### Topic Models:

Topic Modeling is an unsupervised approach to analyze the distribution of words across a set of documents in a corpus and to use the word distribution, and the co-occurrence of words across documents, to identify patterns (clusters) of words. These clusters are typically referred to as topics.  Each topic is defined over the distribution of the keywords (tokens) in the lexicon, e.g., a topic labeled “financial fraud” may include keywords such as “financial wrongdoing”, “theft”, “financial mismanagement”, “misleading lending practices”, etc. A weight is typically associated with each keyword in the topic. 

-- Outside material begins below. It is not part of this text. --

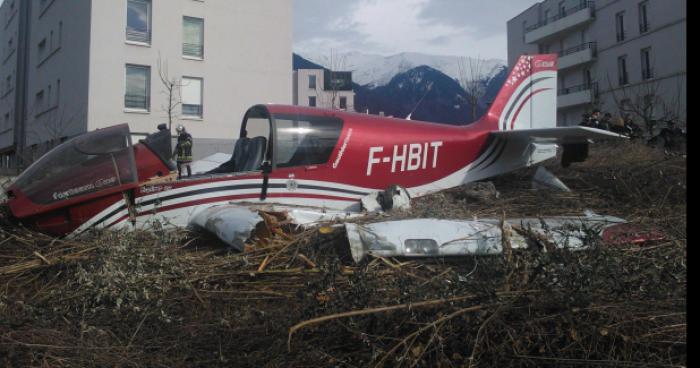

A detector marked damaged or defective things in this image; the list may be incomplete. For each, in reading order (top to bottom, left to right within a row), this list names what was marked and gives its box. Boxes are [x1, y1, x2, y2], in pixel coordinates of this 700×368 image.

crashed small airplane [0, 54, 624, 246]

After the topics are identified, each document in the corpus is labeled as a mix of topics, e.g., document X may be a mix of two topics: “financial fraud” and “private equity investment”. A weight for the topic mix for each topic in the document may also be available. Topic modeling is unsupervised, similar to say clustering, and there is usually no labeled training data. The (unsupervised) training can make use of several parameters including the maximum count of topics. The user has to examine the keywords and manually label the topic.

#### Software:
Latent Topic Modeling based on the Dirichlet Allocation (LDA_bleiref, LDAexample) has been very successful and there have been many variants including some supervised approaches and extensions to accommodate topics evolving over time.  The Gensim package is widely used for topic modeling.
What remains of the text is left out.